Je l'ai vu passer successivement par toutes les phases de ce mal redoutable, je l'ai vu renoncer tour à tour à toutes les chimères que les hommes poursuivent sous le nom de bonheur, éclat, renom, amour, amitié, opinion du monde, orgueil de soi-même, et je lui dois cette justice, que jamais homme n'a dit adieu à toutes ces choses qui sont si chères à notre nature avec plus d'égalité d'âme et plus de sérénité. Chaque fois qu'il a dû renoncer à quelqu'une de ces vaines illusions, il l'a fait avec une bonne gràce parfaite, sans contorsions et sans déclamations, en prenant respectueusement congé de l'idole qui s'enfuyait. Oh! que le destin est bon! Cet être, qui semblait condamné à devenir le plus malheureux des hommes, avait trouvé dans son malheur même la source d'une joie infinie et d'une paix profonde. Religieusement soumis aux inexorables décrets qui avaient été prononcés sur lui, il savait qu'il lui était défendu d'espérer, et il se résignait humblement. Il savait que nul ami n'est aussi assidu que l'ennui, nul amour aussi fort que celui de la mort, et il s'estimait heureux d'avoir conquis une amitié qui devait durer toute la vie, un amour qui le suivrait pendant toute l'éternité.

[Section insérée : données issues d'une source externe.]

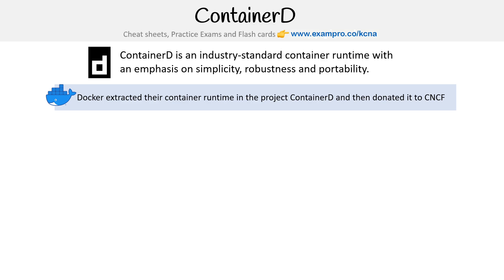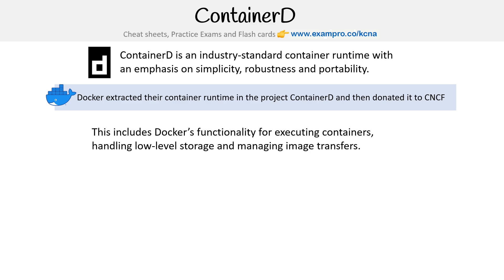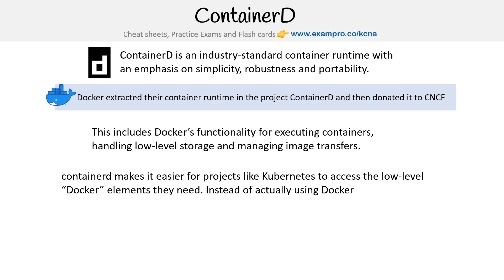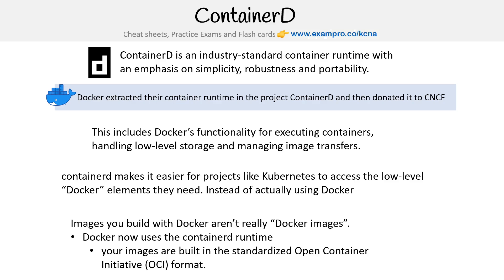This includes Docker functionality for executing containers, handling low-level storage, and managing image transfers. ContainerD makes it easier for projects like Kubernetes to access the lower Docker elements they need instead of actually using Docker. So when you're building images, you aren't actually building Docker images — you're building Open Container Initiative images, which have been standardized for the container industry.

Rien cependant dans sa personne n'indiquait au premier abord qu'il fût en rapport avec d'aussi grandes puissances, ni qu'il fût honoré d'aussi illustres amitiés, rien, si ce n'est une certaine tendance à s'isoler, qui pouvait faire supposer un mystère dans sa vie. Cet isolement lui avait été souvent reproché par les rares personnes dont il supportait la rare société, et il avait été interprété de diverses façons; mais aucune de ces interprétations n'était la vraie. Il s'isolait, parce qu'une sévère expérience lui avait révélé plusieurs fois que la solitude était sa condition naturelle, que s'il tentait d'en sor

tir, il le ferait à ses risques et périls, et que l'ennui était, à tout prendre, préférable au ridicule et à la lâcheté. D'ailleurs cet ennui si funeste avait fini par lui devenir nécessaire, il était devenu une habitude comme l'opium et le tabac. Lorsqu'il s'abandonnait à un élan de gaieté, on le voyait s'arrêter subitement, comme s'il eût reçu à l'oreille quelque sévère avertissement, ou que la pensée qu'il mentait à sa véritable nature lui eût traversé l'esprit. « Que faistu, misérable présomptueux? tu t'avises d'être gai, comme si tu avais quelques motifs de l'être; memento quia pulvis es, souvienstoi que tu dois être le fidèle serviteur de l'ennui; bâille en son honneur, et ne recommence pas tes impertinentes incartades. » Telles étaient les paroles qu'il lui semblait entendre prononcer par sa conscience, et qui le ramenaient modeste et soumis aux conditions pour lesquelles il était créé... Jamais homme, depuis le philosophe de Pascal, ne s'est montré acteur si docile, et n'a joué avec plus de scrupule le personnage que les dieux lui avaient confié dans la vaste comédie dont ils s'amusent.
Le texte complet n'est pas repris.